**EXERCISE DETAILS:** Print exactly the lines of the listing below from the one containing "Fontes: Williams, Eze" through the final line, both included, and no pictures.

**DATA BELOW:**
■ ■ ■ ■ ■

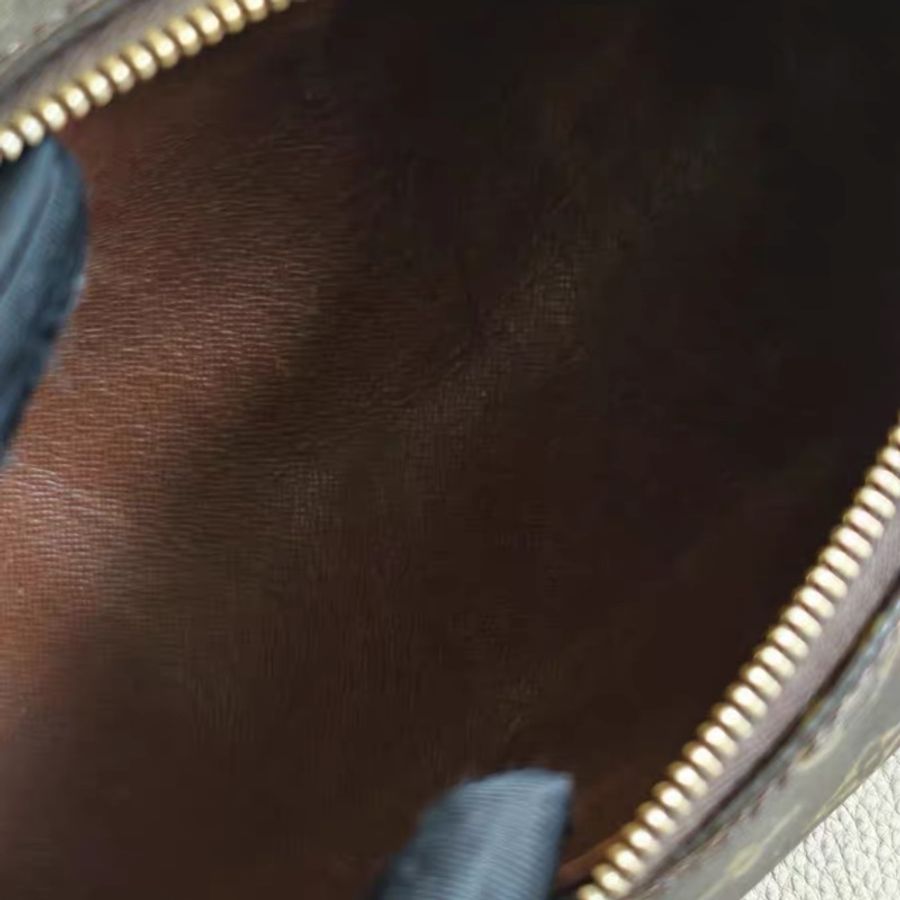 【98新 ✨ 全網最低價!】Louise Vuitton/LV 經典 巴比龍26 (下單前先詢問庫存❗️❗️)-9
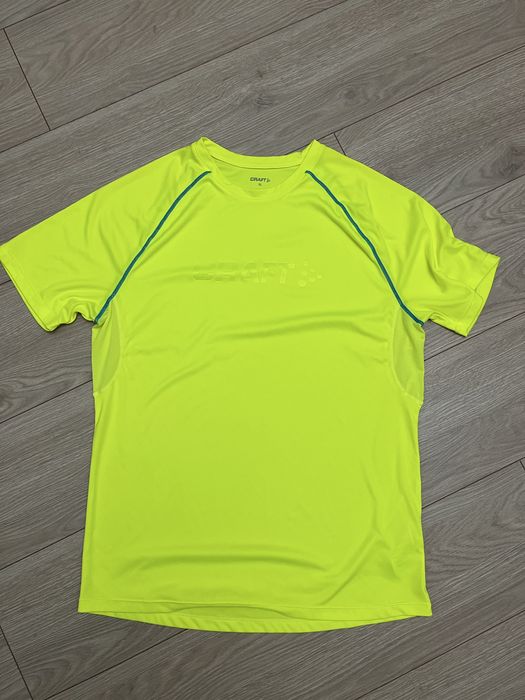 Мужские футболки Craft (оригинал)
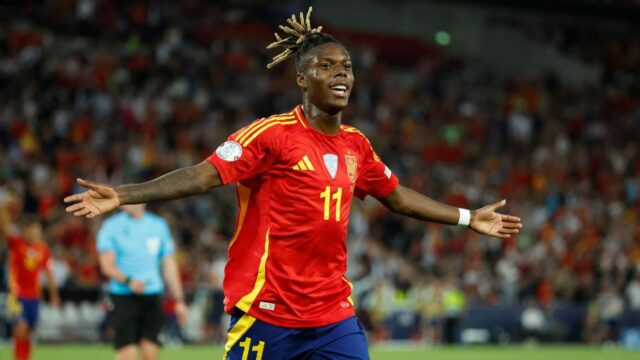 Fontes: Williams, Eze entre os objetivos do Bayern


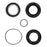 Pivot Works Wheel Bearing Kit Fits Honda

■ ■ ■ ■ ■

**OUTPUT FOR THIS EXERCISE:**
 Fontes: Williams, Eze entre os objetivos do Bayern


 Pivot Works Wheel Bearing Kit Fits Honda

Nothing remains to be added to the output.